@lde/search-typesense
v0.1.1
Published
Generic Typesense engine adapter for RDF-backed search pipelines: collection lifecycle, bulk upsert and blue/green alias swap
Readme
@lde/search-typesense
Typesense engine adapter for RDF-backed search pipelines. Engine-specific (Typesense) but domain-agnostic – the caller supplies the collection schema and documents.

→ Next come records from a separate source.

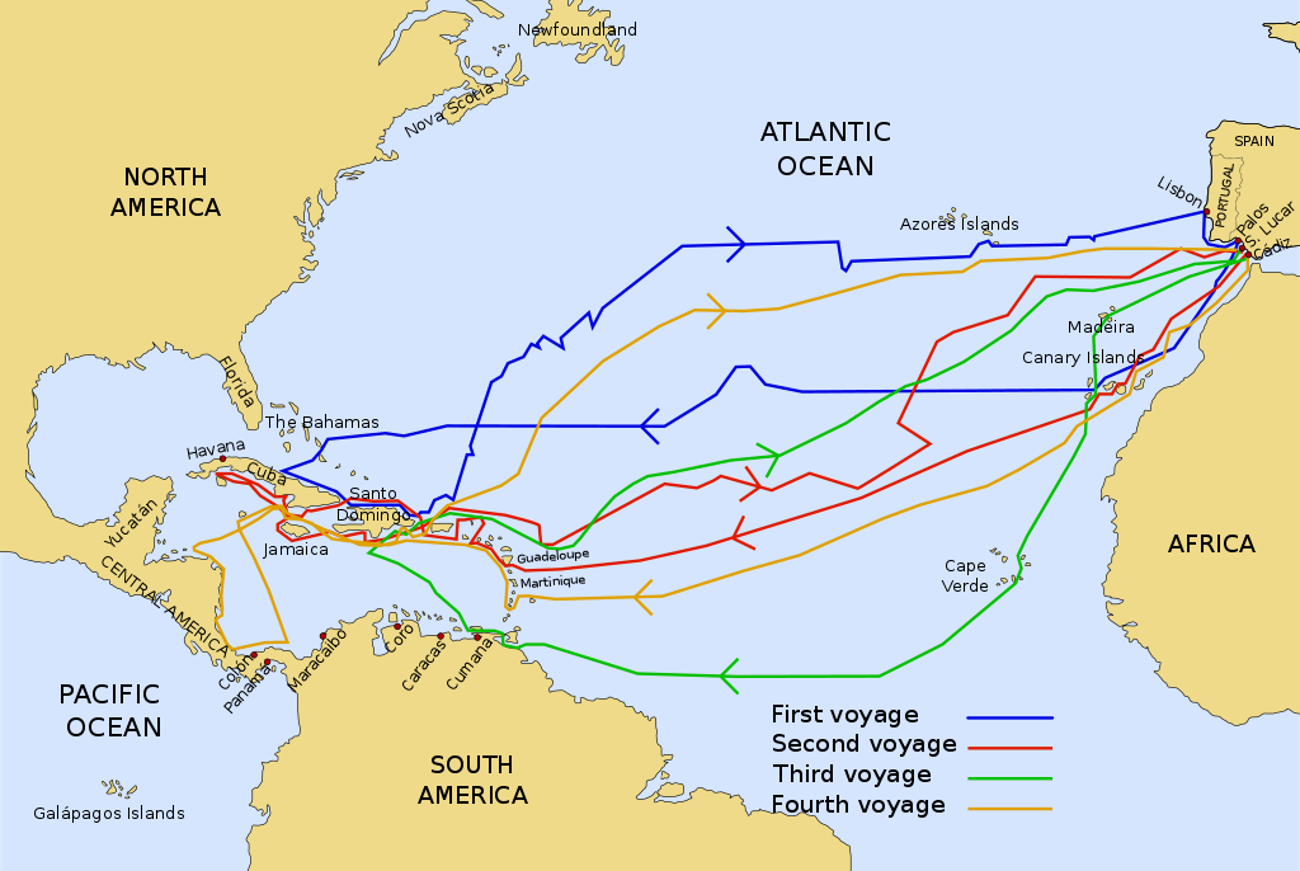 The routes of the four Voyages of Christopher Columbus from 1492-1504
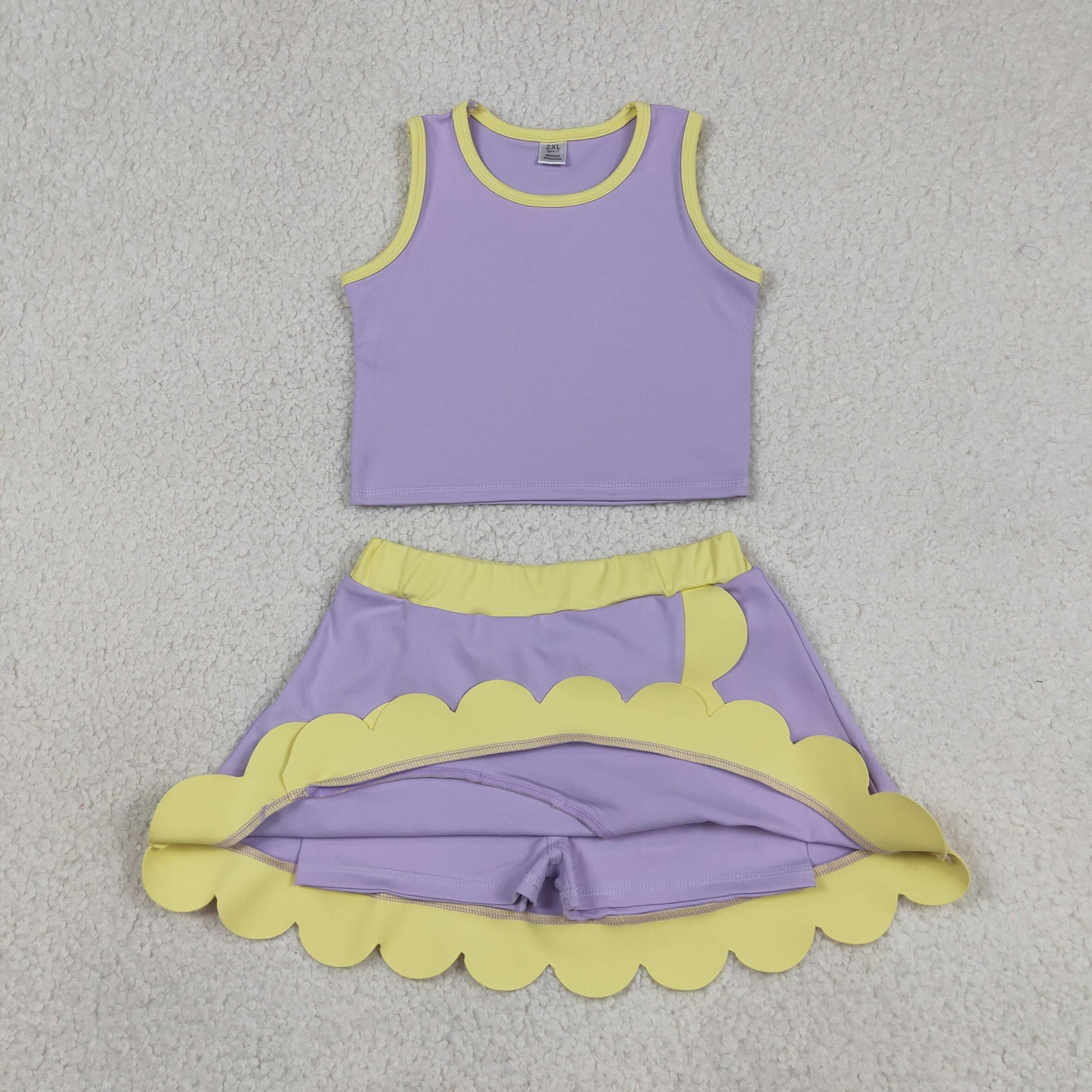 GSD4011 RTS NO MOQ （In stock ）Sleeveless lavender yellow scallop kids girls active wear set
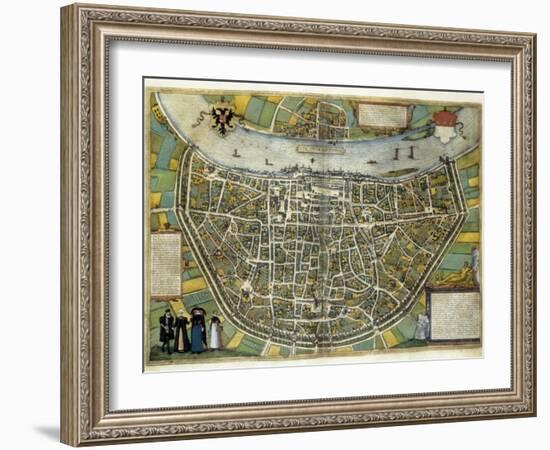 Map of Cologne-Abraham Ortelius-Framed Art Print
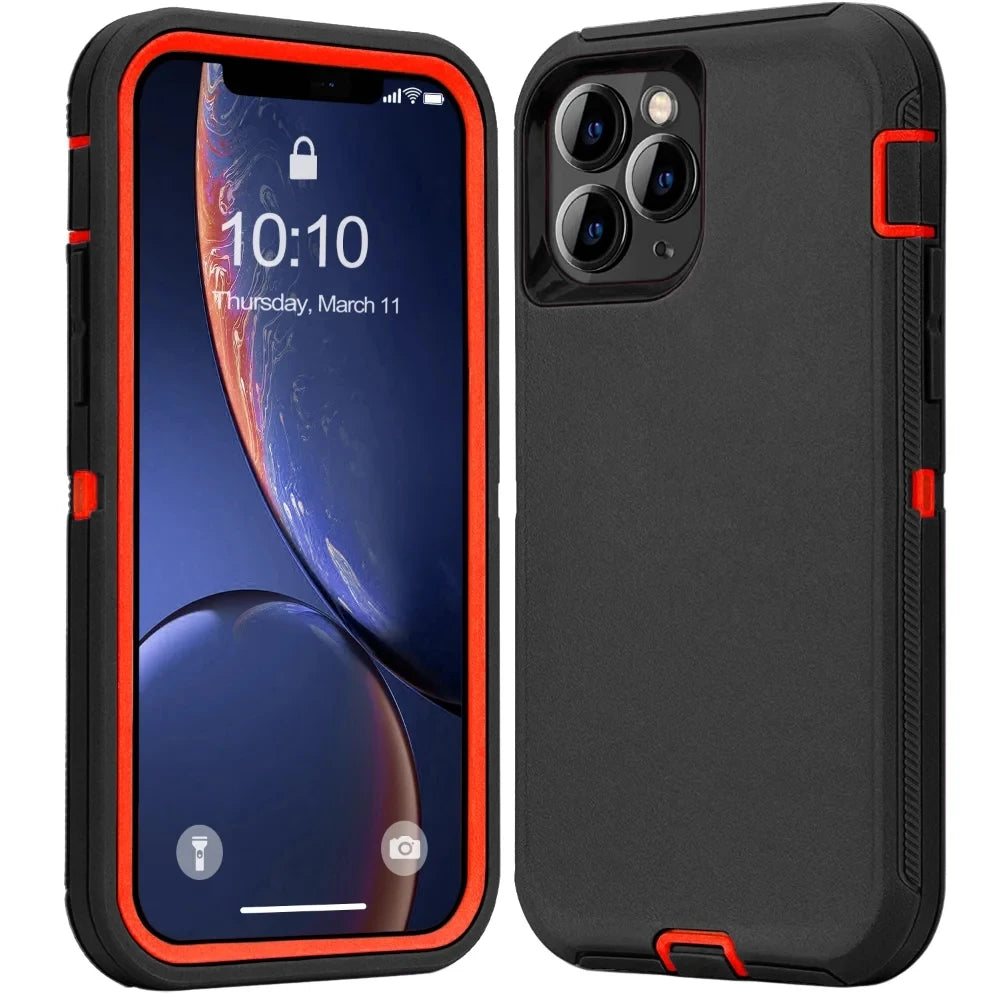 Black and red heavy duty iPhone case showing front and back protection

The engine-agnostic half of the pipeline – framing CONSTRUCT quads into a
JSON-LD IR and projecting that IR into flat documents from a declarative field
spec – lives in @lde/search. This package consumes those
documents and writes them to Typesense.
Indexing
rebuild blue/green-rebuilds a search index in one call: it creates a fresh
versioned collection (${schema.name}_<timestamp>), streams the documents into
it in batches, atomically repoints the schema.name alias to it, then drops the
collection it superseded. The caller passes only the logical index name (as
schema.name) and a stream of documents; the versioned collection and the alias
are managed for them.
import { Client } from 'typesense';
import { rebuild } from '@lde/search-typesense';
const client = new Client({
nodes: [{ host, port, protocol: 'https' }],
apiKey,
});
// `documents` is an async iterable (e.g. a streaming projection); only one
// batch is held in memory at a time. `rebuild` returns the live collection name
// and the imported count (or `null` if another rebuild was already running).
const result = await rebuild(client, schema, documents);rebuild takes a Client the caller owns (and reuses for queries), so this
package adds no connection or document type of its own – any object with an id
is a valid document, including the SearchDocuments @lde/search produces.
Concurrency
rebuild is single-flight per index: it first takes a lock (a marker
document in a rebuild_locks collection, created on demand) via Typesense’s
atomic create, so concurrent callers across pods never rebuild the same index at
once. A call made while another rebuild for that index is in flight returns
null instead of a count. This keeps blue/green safe under replication: without
it, two same-millisecond rebuilds would collide on the versioned collection name
and one would delete the other’s in-flight build.
Limitations to design around:
- Advisory, not a strict mutex. The lock is built on Typesense, not a consensus store. Under a TTL-reclaim race two rebuilds can briefly run at once; this is safe because blue/green is idempotent (worst case: redundant work and a transient orphaned collection).
- Single-flight, not coalescing. A call skipped with
nullis not queued. If you must capture state that changed mid-build, re-trigger after the running rebuild finishes. - Lock TTL. A rebuild running longer than
lockTtlMs(default 10 minutes) can be reclaimed by another caller and run concurrently; size the TTL above your longest rebuild.